> Dataset content:
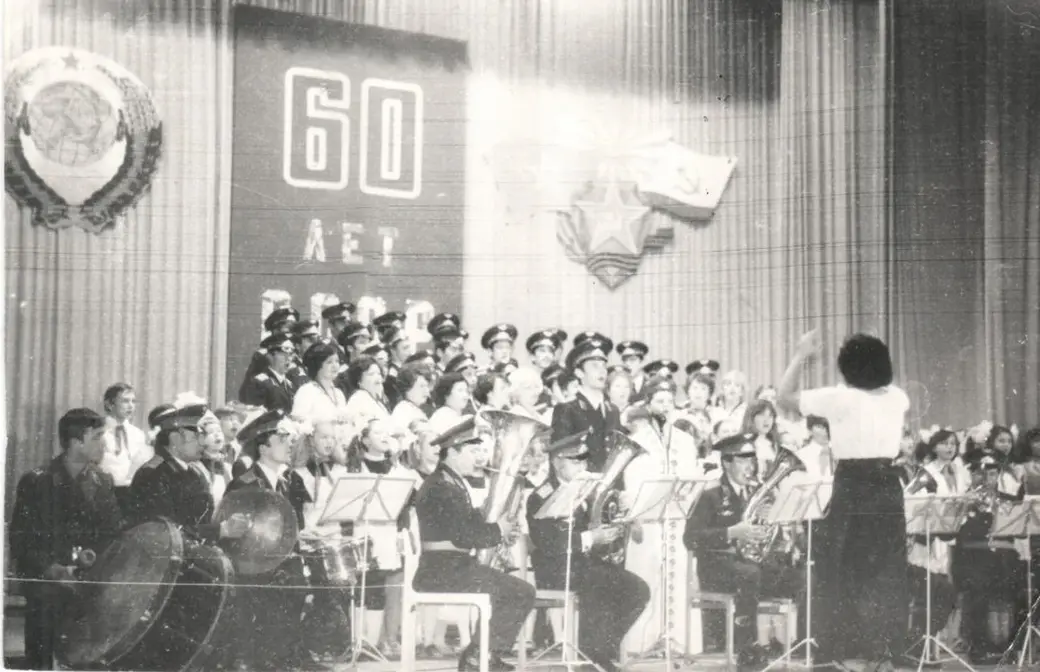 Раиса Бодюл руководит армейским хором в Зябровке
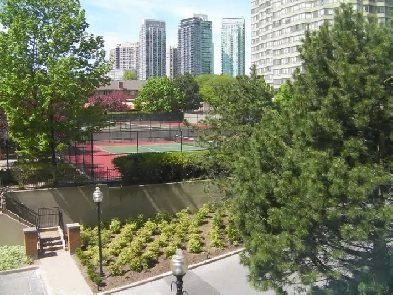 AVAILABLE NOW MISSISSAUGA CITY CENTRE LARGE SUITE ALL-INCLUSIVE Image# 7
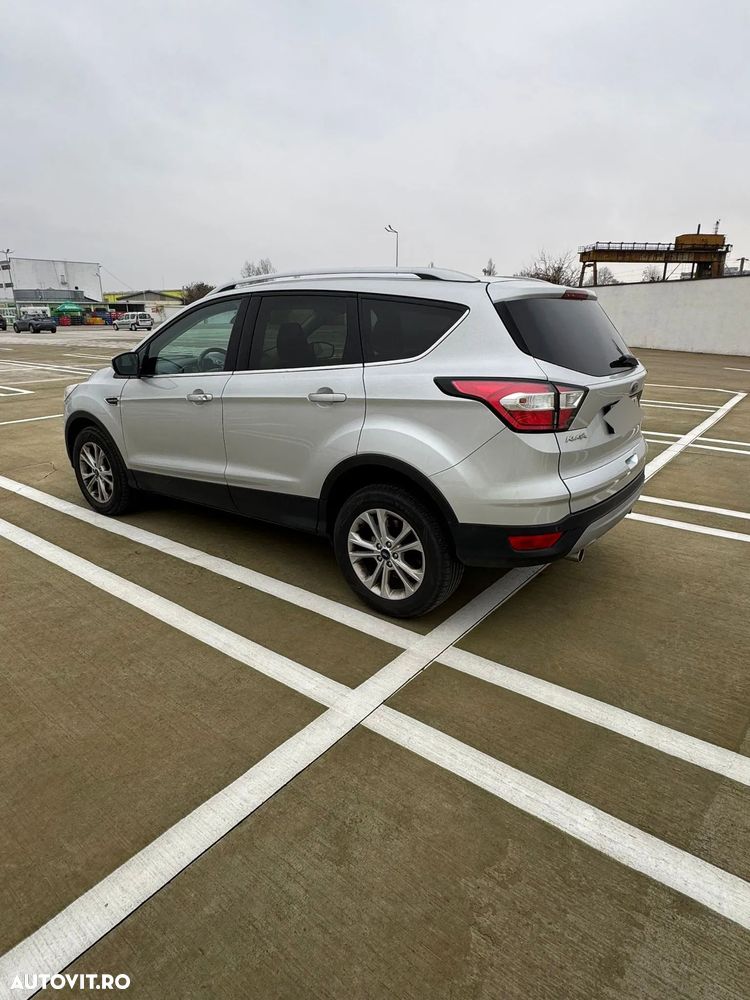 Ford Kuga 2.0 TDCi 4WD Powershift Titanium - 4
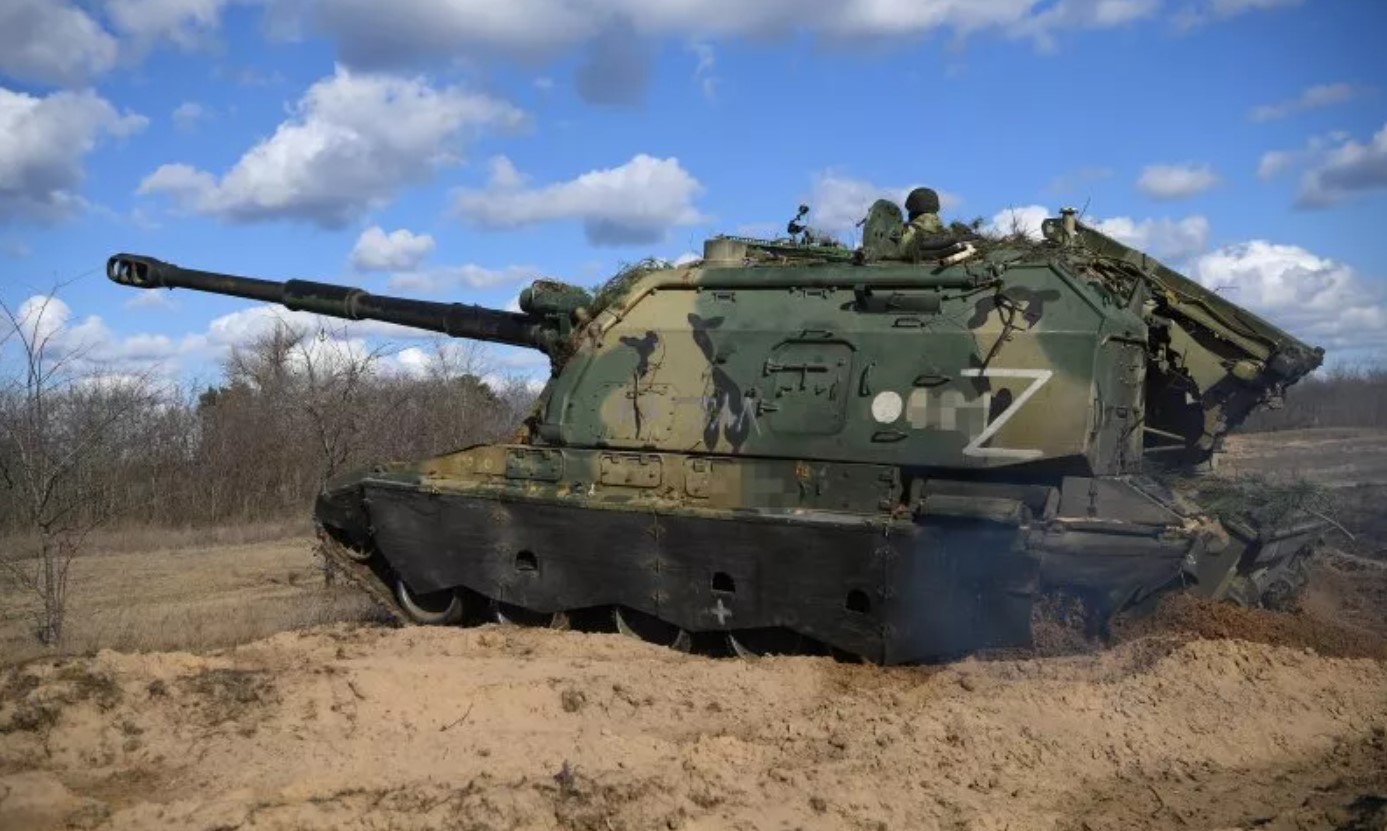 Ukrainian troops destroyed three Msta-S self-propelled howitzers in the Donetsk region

> Instructions for the task: Transcribe all of the listing precisely. The images stay out of it.

> Exercise result:
 Раиса Бодюл руководит армейским хором в Зябровке
 AVAILABLE NOW MISSISSAUGA CITY CENTRE LARGE SUITE ALL-INCLUSIVE Image# 7
 Ford Kuga 2.0 TDCi 4WD Powershift Titanium - 4
 Ukrainian troops destroyed three Msta-S self-propelled howitzers in the Donetsk region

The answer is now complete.